+++ DATASET CONTENT

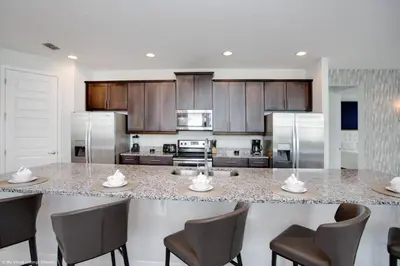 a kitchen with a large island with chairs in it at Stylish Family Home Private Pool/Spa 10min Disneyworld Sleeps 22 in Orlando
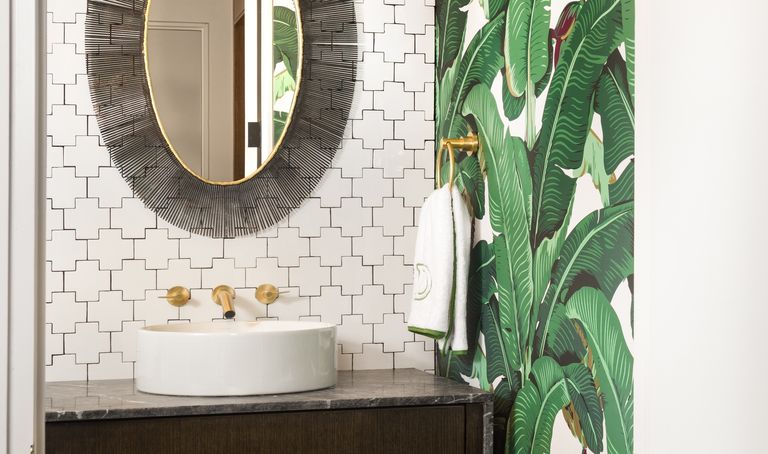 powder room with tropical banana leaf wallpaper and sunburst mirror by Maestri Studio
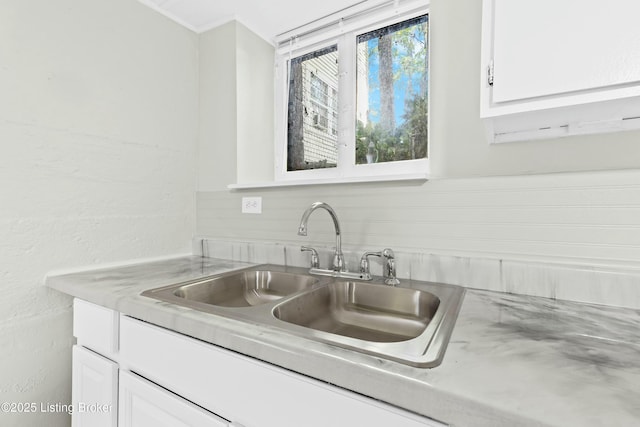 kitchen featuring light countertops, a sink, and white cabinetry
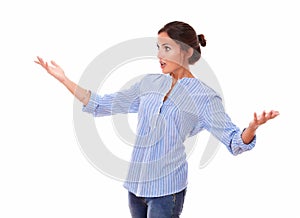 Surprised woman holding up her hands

++++++

TASK INSTRUCTIONS> Print only the lines running from the one containing "powder room with" to the end of the data above, exactly; include no pictures.

WRITTEN REPLY>
 powder room with tropical banana leaf wallpaper and sunburst mirror by Maestri Studio
 kitchen featuring light countertops, a sink, and white cabinetry
 Surprised woman holding up her hands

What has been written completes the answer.